The idea of replacing it with ad-hoc encryption at the application layer
carries with it the notion that the basic problem of "taking some bundle of
application data and securing it so that it is encrypted in flight" is somehow
simple, and that TLS 1.2 is overkill for it. But that's not true. To a
significant extent, everything TLS 1.2 does that you don't do is a
vulnerability in your system.
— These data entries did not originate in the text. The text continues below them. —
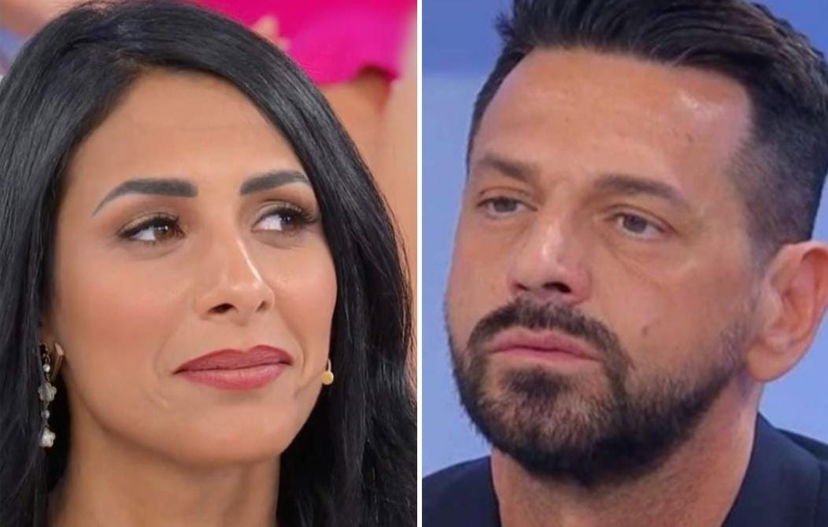 Uomini e Donne, finisce male tra Asmaa Fares e Cristiano Lo Zupone, lei pubblica una segnalazione e sbotta: “Persone più marce di questo mondo” preview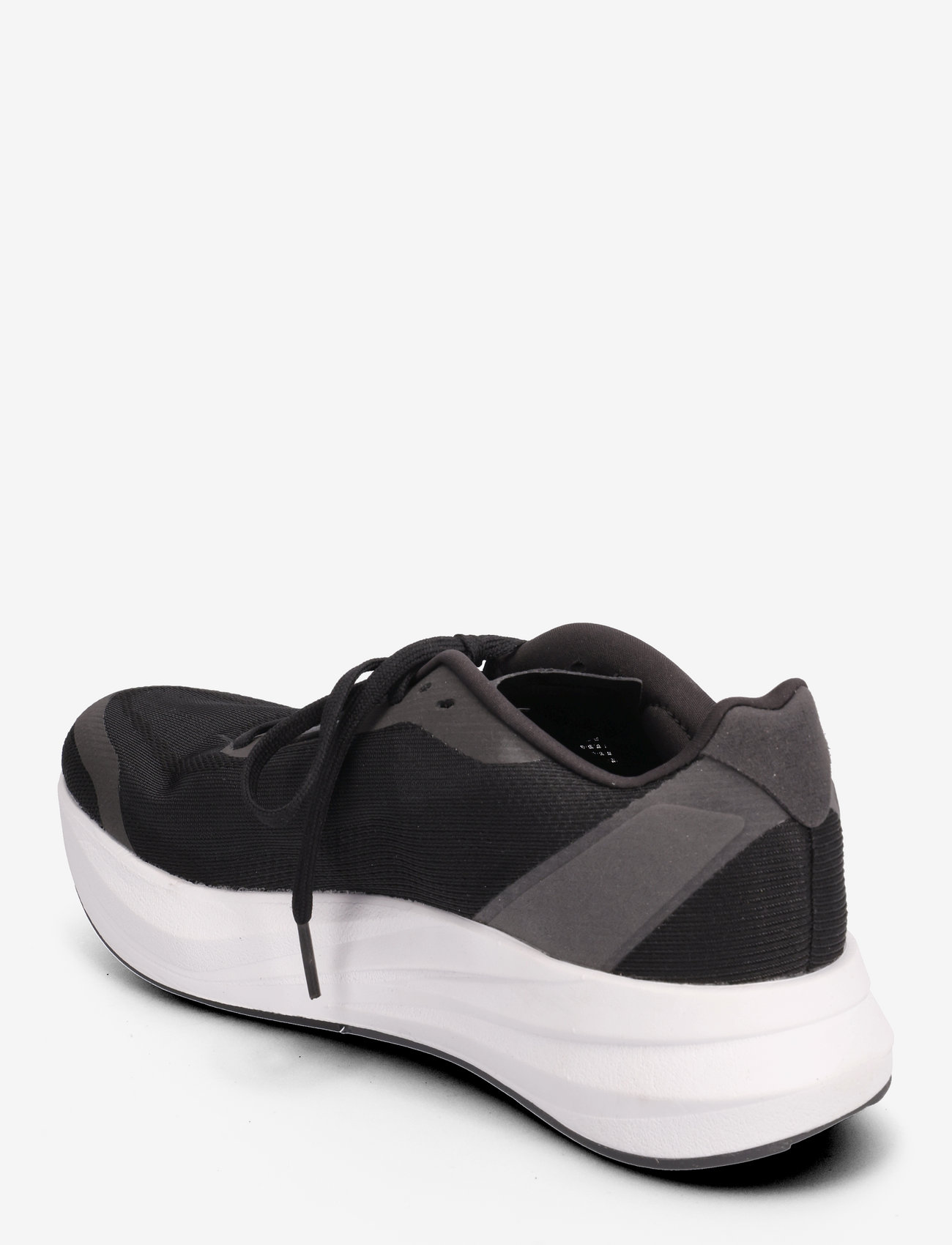 adidas Performance - DURAMO SPEED Shoes - cblack/ftwwht/carbon - 2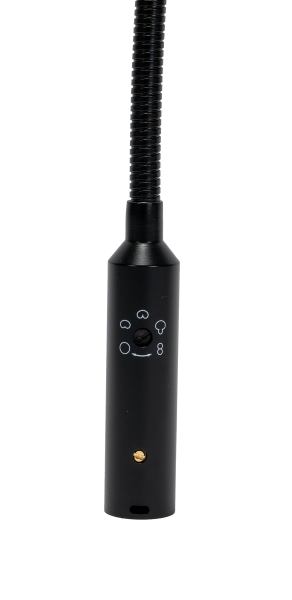 CAD Audio 18" Variable Polar Pattern Gooseneck Microphone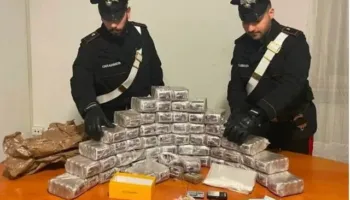 Shqipëri–Itali/ Çmontohet rrjeti i trafikut në Bari, 20 masa sigurie nga autoritetet italiane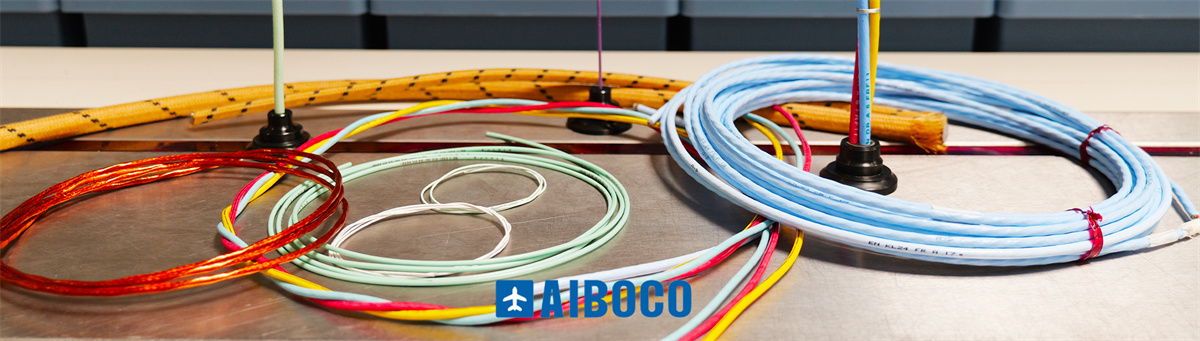 EN2346-005B004 -Nexans线缆-西安福川电子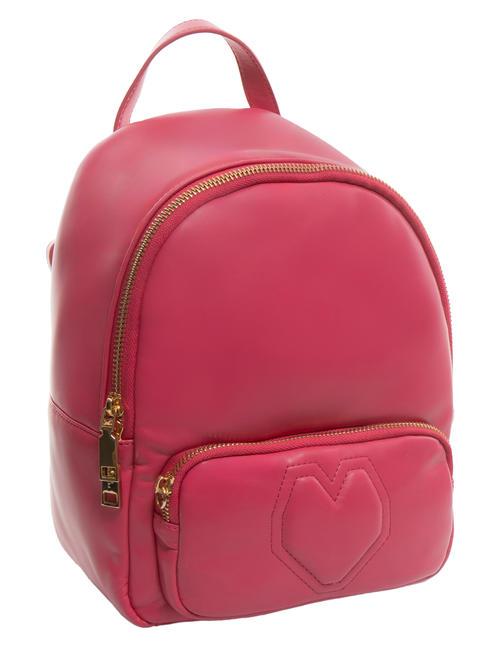 KISS Mochila fucsia - Bolsos Mujer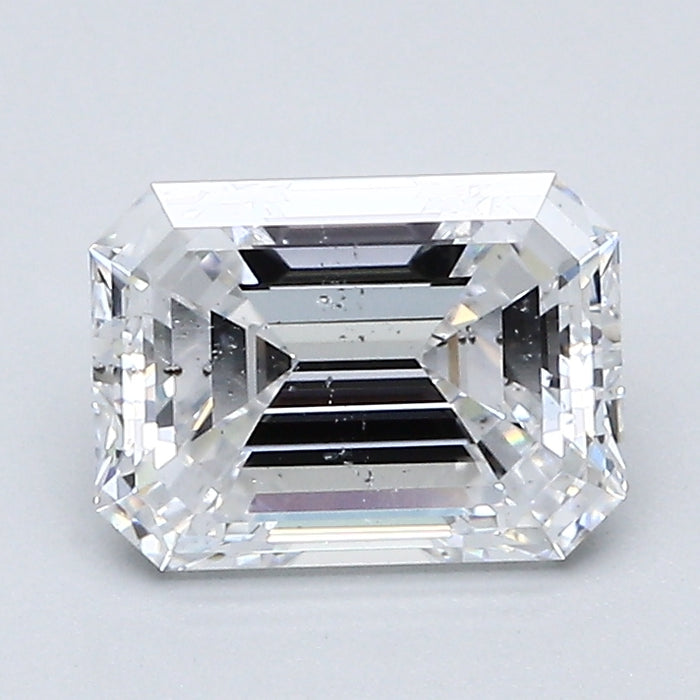 1.50000 D SI2 Virtual Selection Emerald Diamond
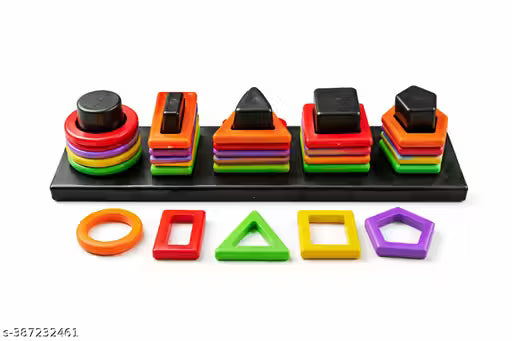Educational toy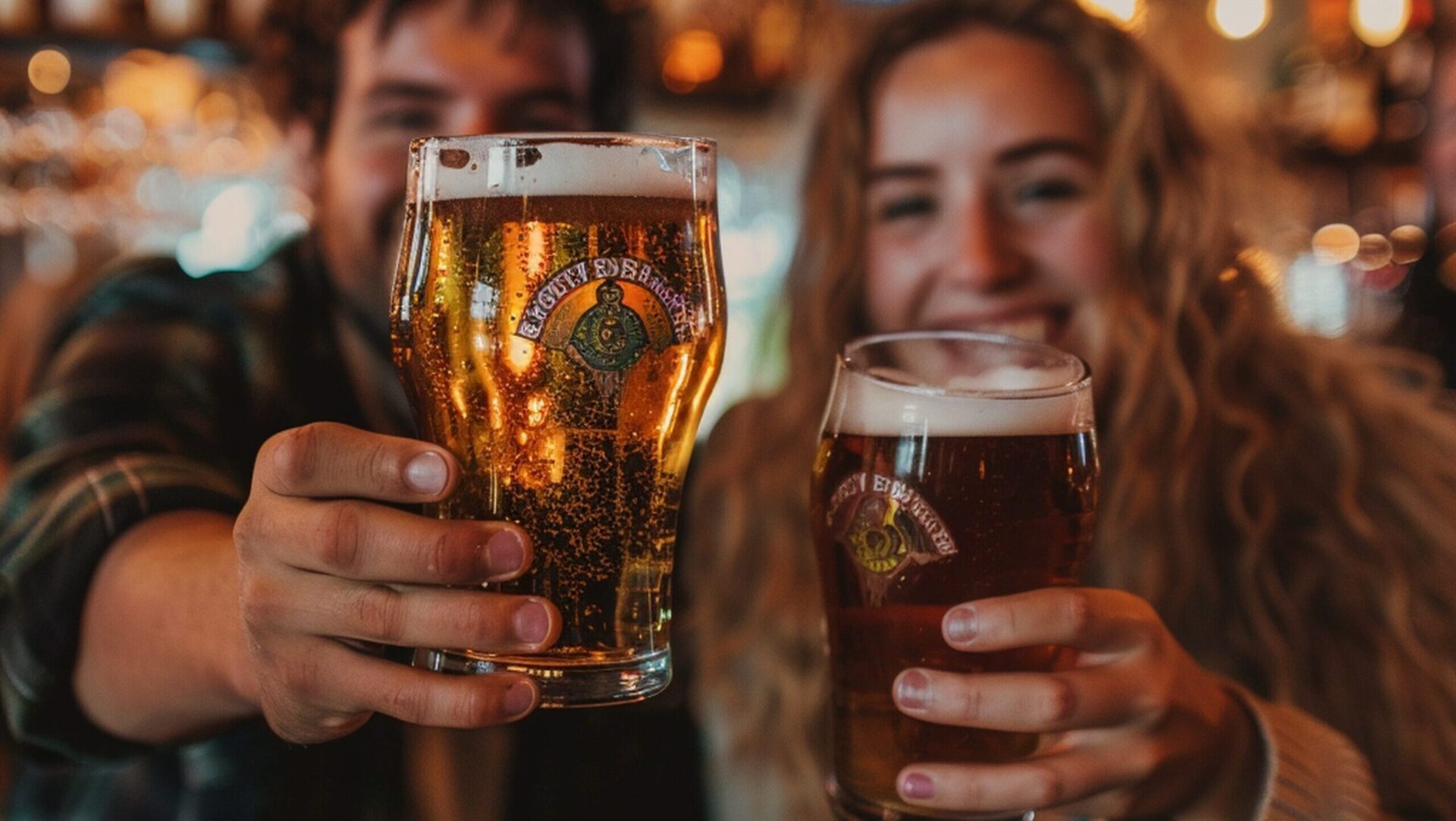 Dublin Delights: Pubs, History, and Literary Legends XperienceIreland XperienceClub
You won't see it or fully understand it;
extremely competent people have gone _years_ staring terrible vulnerabilities
in TLS in the face, even after those flaws were _pointed out to them_ , and
let them pass because the real-world practical impact wasn't obvious at the
time.

And this is all before you get to the point where, to avoid the overhead and
complexity and inflexibility (and whatnot) of TLS 1.2, you choose to build
_your_ cryptosystem in the most hostile possible environment for cryptography:
the language runtime where no operation, function, or binding can be trusted,
where every symbol table is potentially corrupted by any of 10s of content
sources, many of them under the control of attackers, in a runtime that is
being aggressively redesigned, optimized, JIT'd, cached, and transformed for
performance.

So you can see that this goal puts you out in the wilderness on _two_ vectors:
one of attempting to start from scratch on secure transport protocols, when 20
years has shown us that the simplest service models for secure transport are
surprisingly hard; and the other vector being "trying to implement secure
crypto in a language environment that's hostile to the concept".

Skip it. Work on something that will make people's lives better in the
immediacy, instead.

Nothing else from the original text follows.